» INSTRUCTIONS FOR THE TASK:
Give an exact copy of the data that follows, but none of its pictures.

» PROVIDED MATERIAL:
=== Begin Enclosure ===

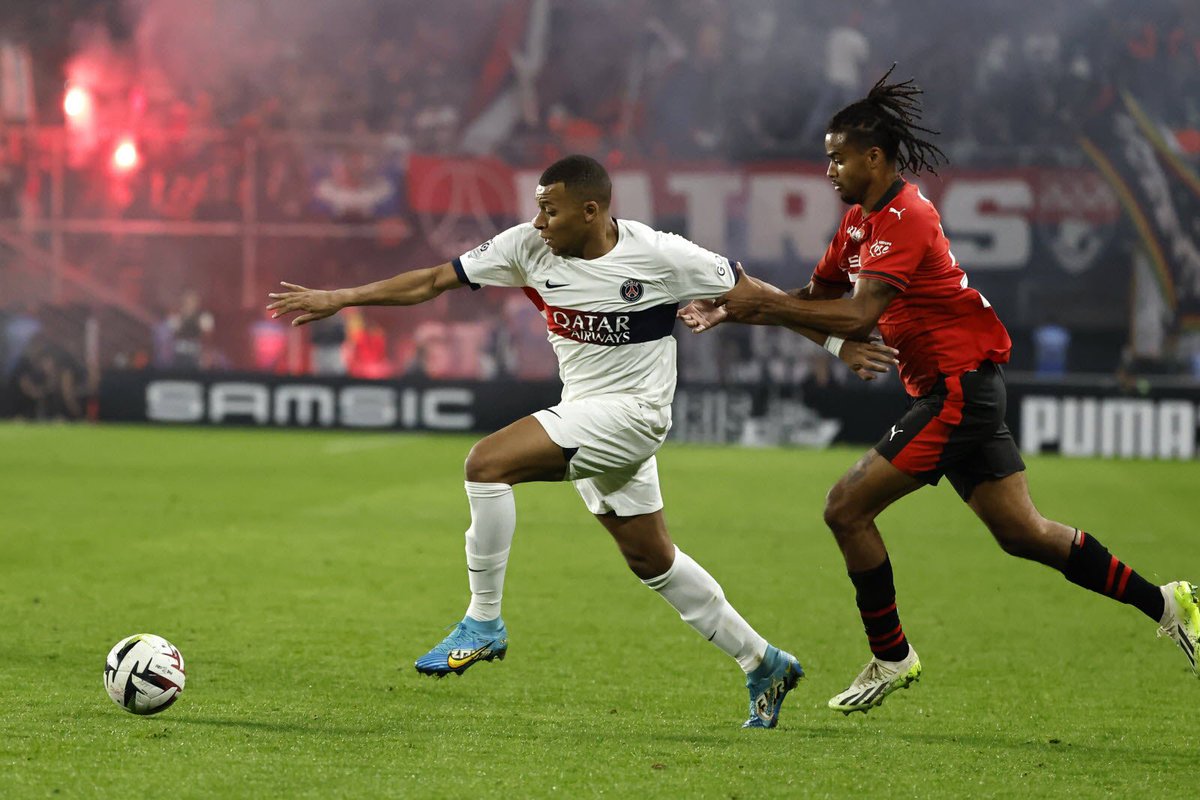 MediaParisien's tweet image. 🎁  Une place pour PSG - Rennes ça vous tente ? 

Pour participer : 

1️⃣ Follow @Mediaparisien
 et @alexis958c
 
2️⃣ Like et RT! 

T.A.S dans 24h!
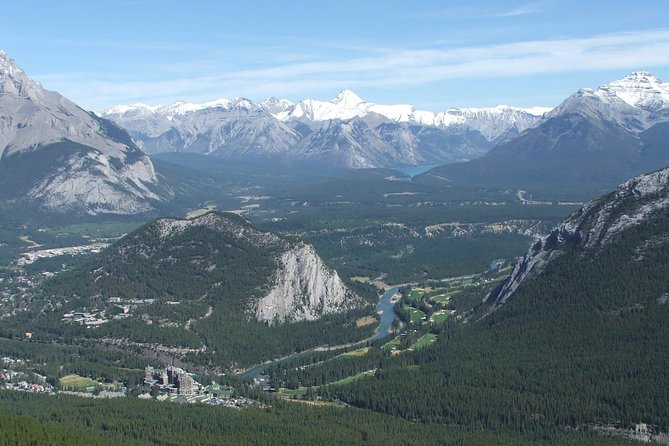 Banff, Lake Louise & Yoho National Parks 2-Day Tour - Should you book the Banff and Yoho tour?
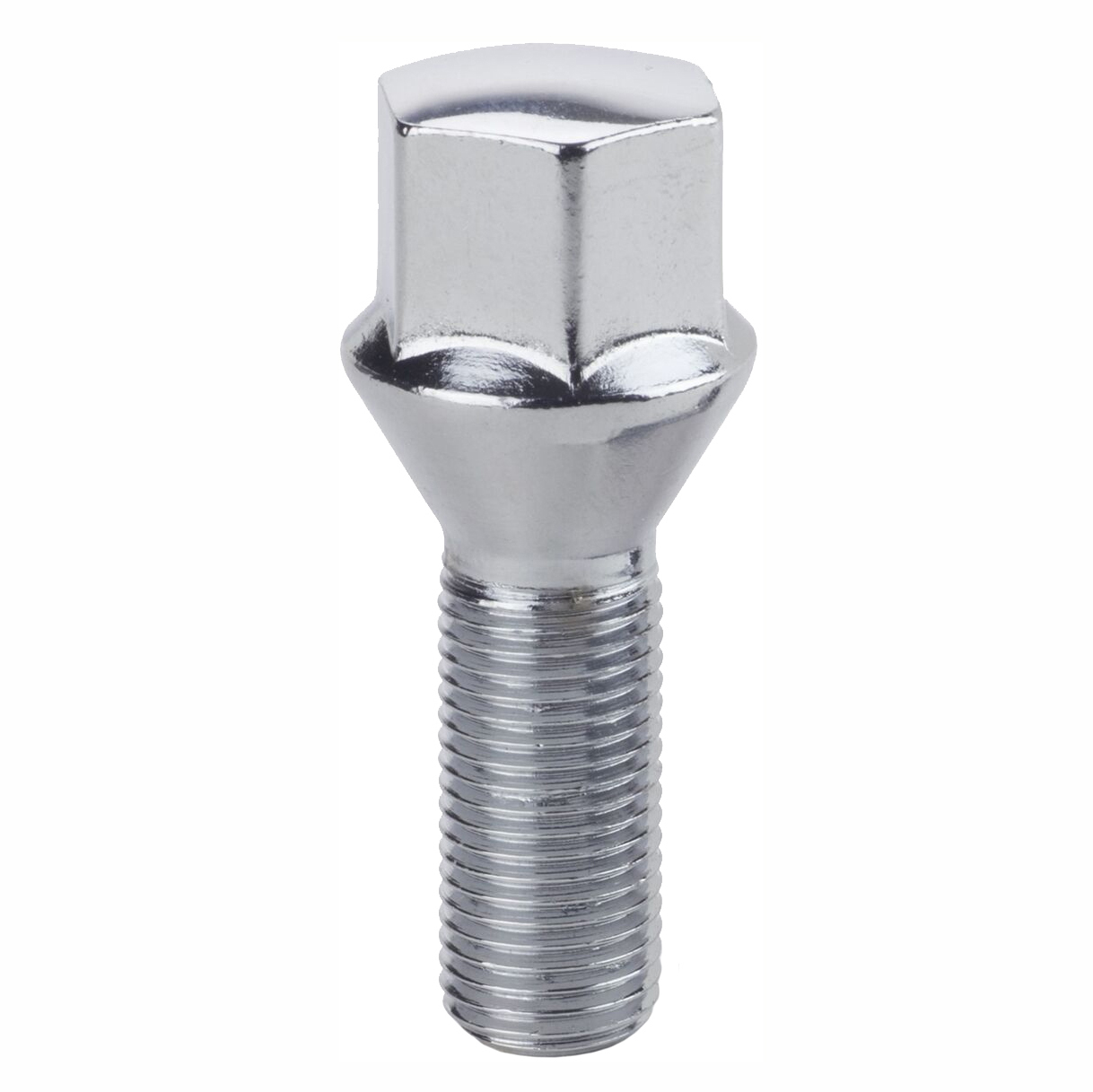 

Болт колесный GANZ BB140 G, Серебристый, GANZ BB140 G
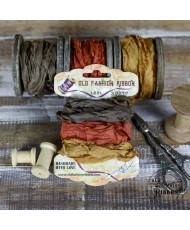 Old fashion ribbons -set of...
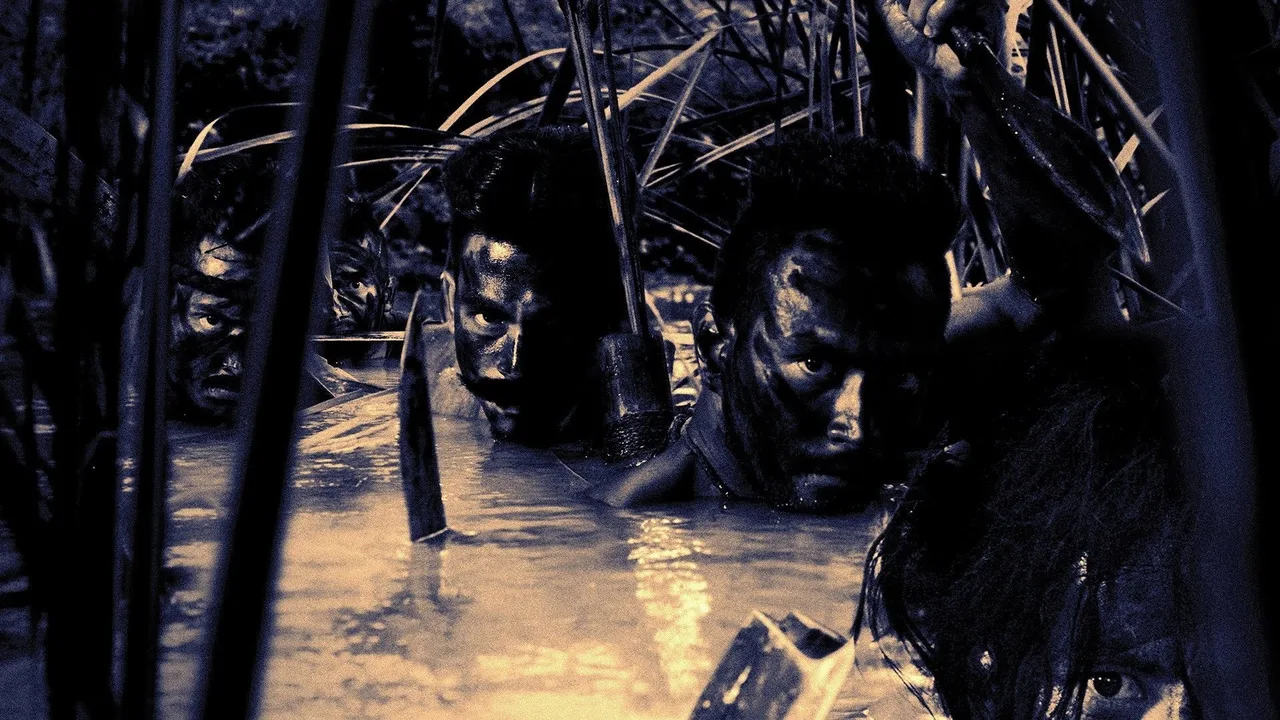 Bang Rajan (2000)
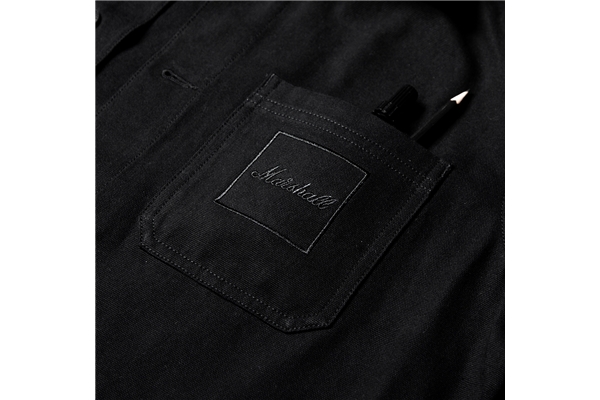Marshall - 60th Anniversary Factory Work Shirt XL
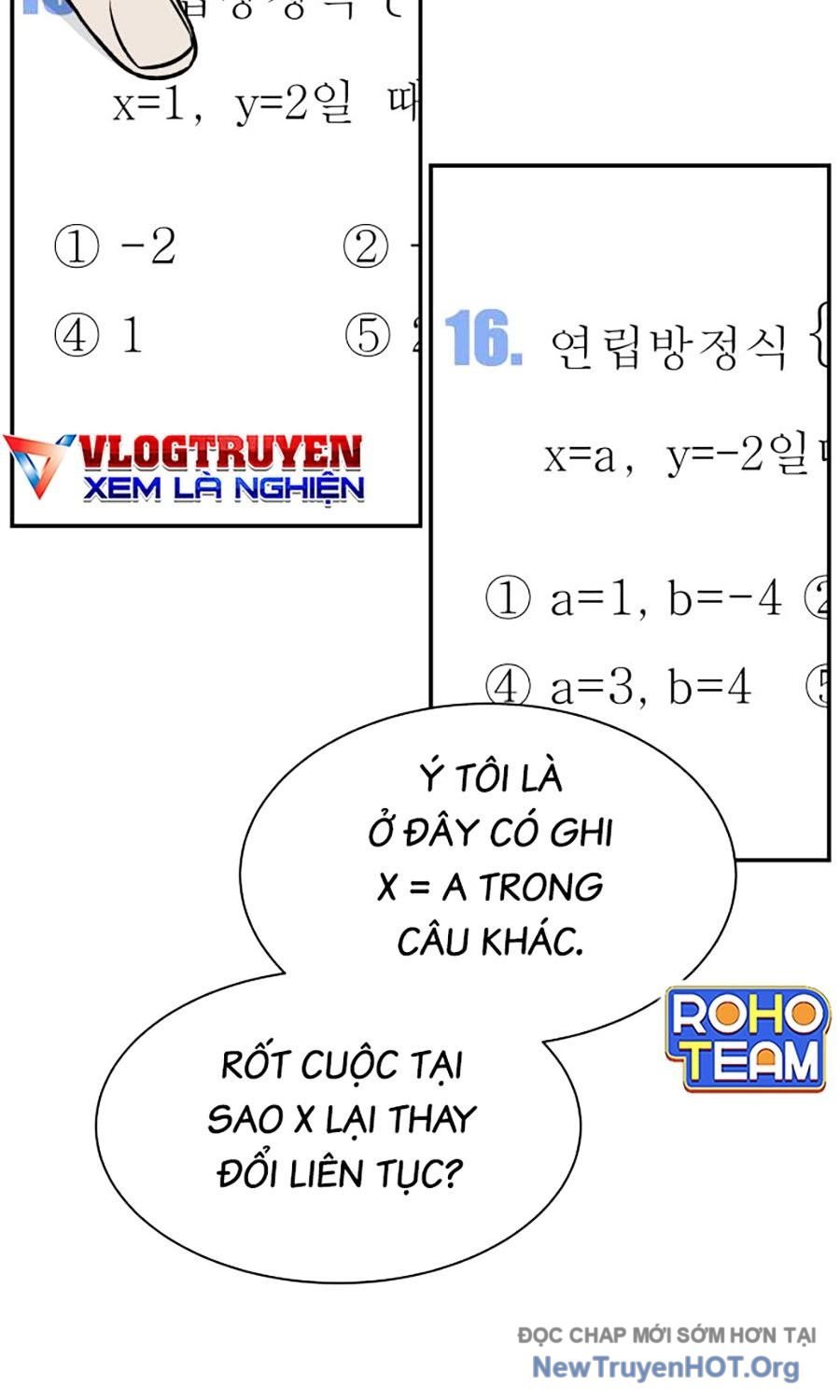 Cơ Quan Tự Hủy Chapter 30 - Trang 2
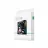 Вентилятор DEEPCOOL PC Case Fan Deepcool FL12 SE, 120x20x25mm, ≤28.67 dB, 50.74CFM, 400-1900RPM, PWM, ARGB, 4-Pin Fan & 3-pin ARGB 5V, Hydro Bearing, Black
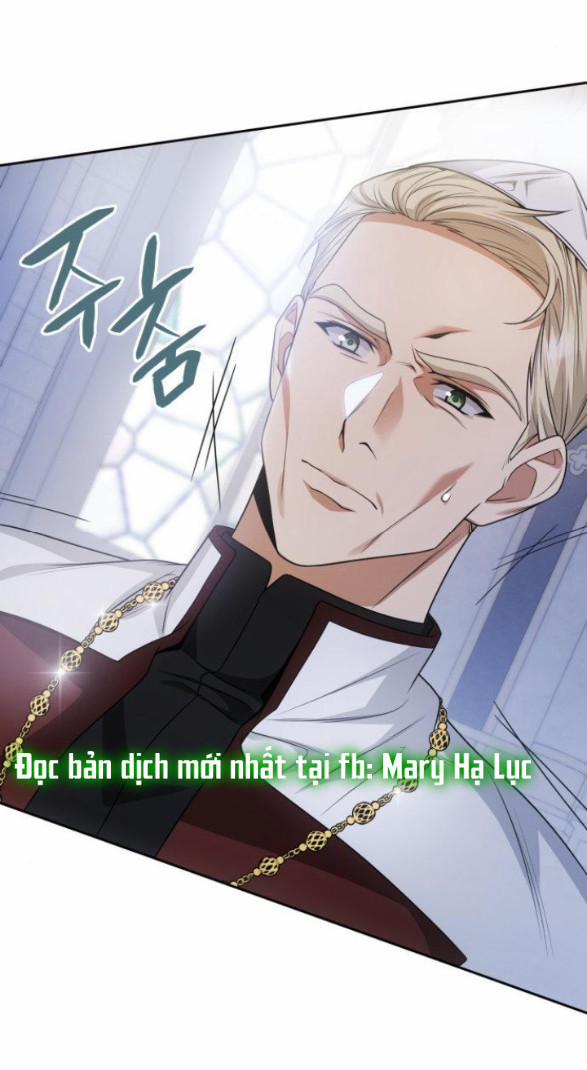 Chị Yêu, Kiếp Này Em Sẽ Là Hoàng Hậu 12.5 trang 13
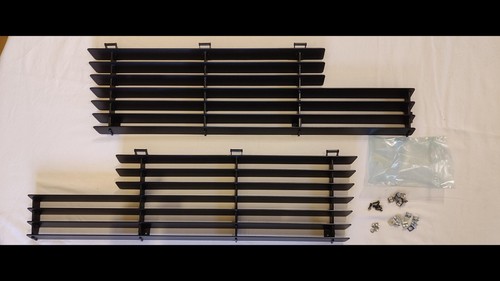 Grille calandre alpine - calandre, a310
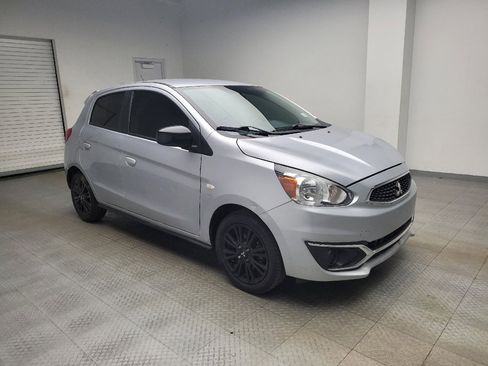 Used 2020 Mitsubishi Mirage image 11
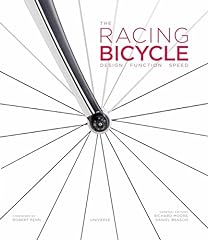 Racing bicycle design for sale  Delivered anywhere in UK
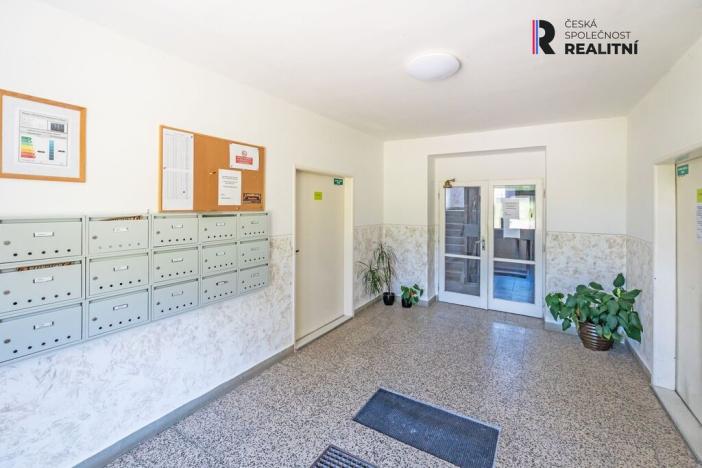 Prodej bytu 3+1, Znojmo, Bolzanova, 64 m2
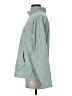 Eddie Bauer Teal Turtleneck Sweater Size M - photo 5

=== End Enclosure ===

» RESULT OF THIS TASK:
 MediaParisien's tweet image. 🎁  Une place pour PSG - Rennes ça vous tente ? 

Pour participer : 

1️⃣ Follow @Mediaparisien
 et @alexis958c
 
2️⃣ Like et RT! 

T.A.S dans 24h!
 Banff, Lake Louise & Yoho National Parks 2-Day Tour - Should you book the Banff and Yoho tour?

Болт колесный GANZ BB140 G, Серебристый, GANZ BB140 G
 Old fashion ribbons -set of...
 Bang Rajan (2000)
Marshall - 60th Anniversary Factory Work Shirt XL
 Cơ Quan Tự Hủy Chapter 30 - Trang 2
 Вентилятор DEEPCOOL PC Case Fan Deepcool FL12 SE, 120x20x25mm, ≤28.67 dB, 50.74CFM, 400-1900RPM, PWM, ARGB, 4-Pin Fan & 3-pin ARGB 5V, Hydro Bearing, Black
 Chị Yêu, Kiếp Này Em Sẽ Là Hoàng Hậu 12.5 trang 13
 Grille calandre alpine - calandre, a310
 Used 2020 Mitsubishi Mirage image 11
 Racing bicycle design for sale  Delivered anywhere in UK
 Prodej bytu 3+1, Znojmo, Bolzanova, 64 m2
 Eddie Bauer Teal Turtleneck Sweater Size M - photo 5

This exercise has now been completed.